Don't get me wrong, running a marathon still hurts. I walk oddly for two days afterwards and hurt in places I didn't even realize were involved in running.

I knew I'd finish the marathon again but I had some doubts about my training this time. I didn't need to worry; not only did I finish, I knocked 10 minutes off my previous time. And I'm already thinking about my next marathon in 2015. If I start training now and get a really good, solid base of running now, my pace should improve and I should be able to PR again, maybe cut another 10 minutes. I've got a long term goal now as well, to get under 5 hours.

I'm not sure I can truthfully say I enjoy running marathons but I don't hate running anymore. And the feeling of doing something intense and crazy like a marathon feeds a part of my soul that wants to be a rebel. I rebelled against running as a child; now, running is my rebellion.

My life is different because I run, because I run marathons.

Some highlights from this year's marathon:
  • Singing the National Anthem with the other runners at the start and getting compliments from everyone in the Port-A-Potty line with me.
  • My dad came to watch me run. He was able to see me at four different points (~ miles .5, 6, 11 and 25) in the race.
  • A dear friend came to watch me run and saw me at three different points (~ miles 2, 5, and 21) in the race (and took some pictures)
  • Two co-workers came to watch me run and saw me at two different points(~ miles 12 and 21). They were impressed that I was still running at mile 21.
  • I no longer believe in the wall. I do believe in a mile of mental jello, difficult and mental and pace reducing and mile lengthening but still possible to get through. Just keep moving. I. Will. Not. Stop. (I also believe in the Blerch).
  • Keeping a sub 12 minute pace for over 3 hours. And running down Greeley with less pain than the first time. The downhill training paid off.
  • Remembering and honoring those who had their lives forever changed in Boston last April. It may take me a long time, but it would be pretty awesome to run the Boston some day. Even if I'm eighty.






Saturday, October 5, 2013

Wasn't Once Enough?

Two years ago, I ran the Portland Marathon. Tomorrow, I'm doing it again.
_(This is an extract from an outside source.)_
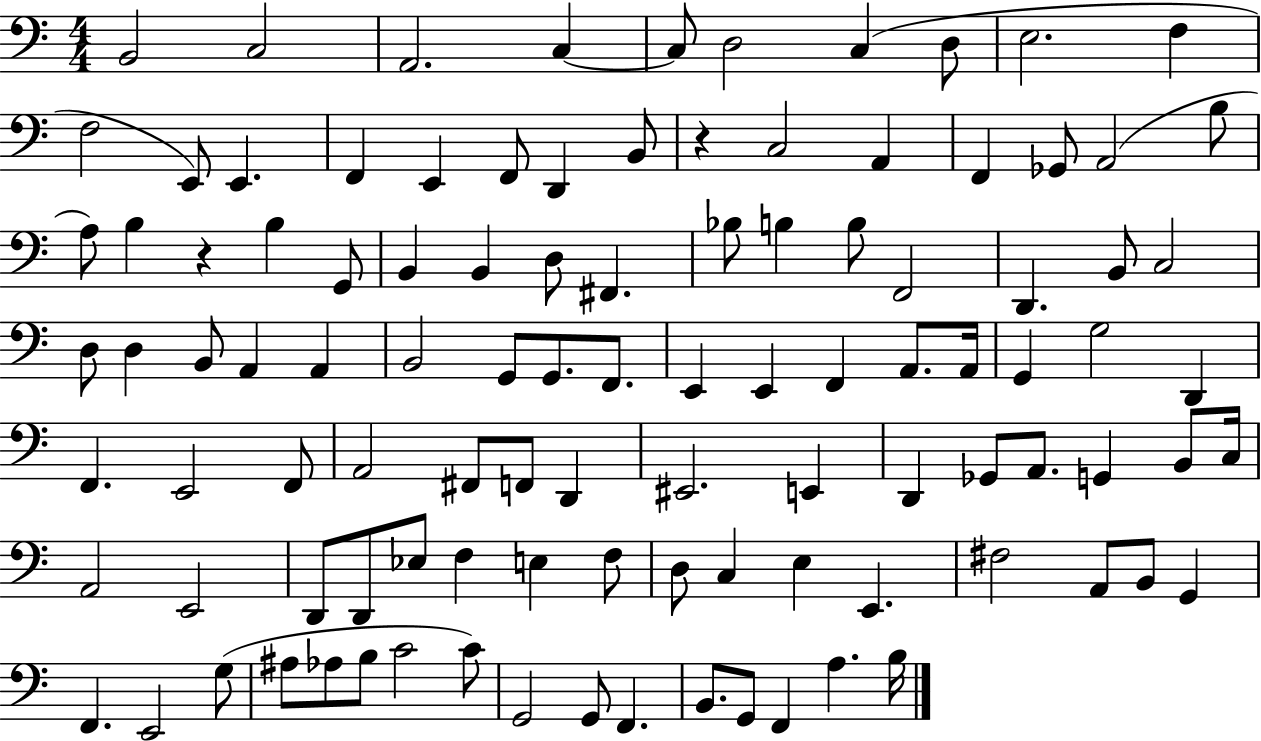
B2/h C3/h A2/h. C3/q C3/e D3/h C3/q D3/e E3/h. F3/q F3/h E2/e E2/q. F2/q E2/q F2/e D2/q B2/e R/q C3/h A2/q F2/q Gb2/e A2/h B3/e A3/e B3/q R/q B3/q G2/e B2/q B2/q D3/e F#2/q. Bb3/e B3/q B3/e F2/h D2/q. B2/e C3/h D3/e D3/q B2/e A2/q A2/q B2/h G2/e G2/e. F2/e. E2/q E2/q F2/q A2/e. A2/s G2/q G3/h D2/q F2/q. E2/h F2/e A2/h F#2/e F2/e D2/q EIS2/h. E2/q D2/q Gb2/e A2/e. G2/q B2/e C3/s A2/h E2/h D2/e D2/e Eb3/e F3/q E3/q F3/e D3/e C3/q E3/q E2/q. F#3/h A2/e B2/e G2/q F2/q. E2/h G3/e A#3/e Ab3/e B3/e C4/h C4/e G2/h G2/e F2/q. B2/e. G2/e F2/q A3/q. B3/s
My training has been different this time around. I started training earlier but I didn't train as hard. I didn't have Hood to Coast to train for this year (second year in a row of denied entry; they promised us guaranteed entry for next year) so I didn't run hills as much as I did the last time. However, I did focus a bit more on running downhill than I did last time as I remember how hard it was running down Greeley.

This year, as a mid-training test, I ran a half-marathon in Forest Grove. I did better than expected but that had unexpected results. If I was doing so well, I could cut back on training, right? I eased up on mid-week short runs but completed more of my weekend long runs, including a 20 mile run a few weeks ago. That run was both encouraging (I finished it) and discouraging (I didn't hit the pace I wanted to). But I did it; two years ago, the longest I had run was 15 miles.

I also had a week-long running break in September, just before my taper when I went on a cruise to Alaska. But I did do a lot of stairs on the ship. Up and down, 11th deck to 7th to 14th and back multiple times a day. Figured that should help a bit with the downhill as well, at least that's what I've been telling myself.

I'm not worried about tomorrow; I've completed a marathon before and I know I can finish. But I am worried about tomorrow because I was not where I wanted to be training-wise when I started my taper. Last time, my goal was to finish. This time, I want to beat my time from before. And, if I can cut 20 minutes off my marathon time, and keep that time or better in my future marathons, when I'm 80, I'll qualify for the Boston.

Once wasn't enough and I'm already thinking long-term.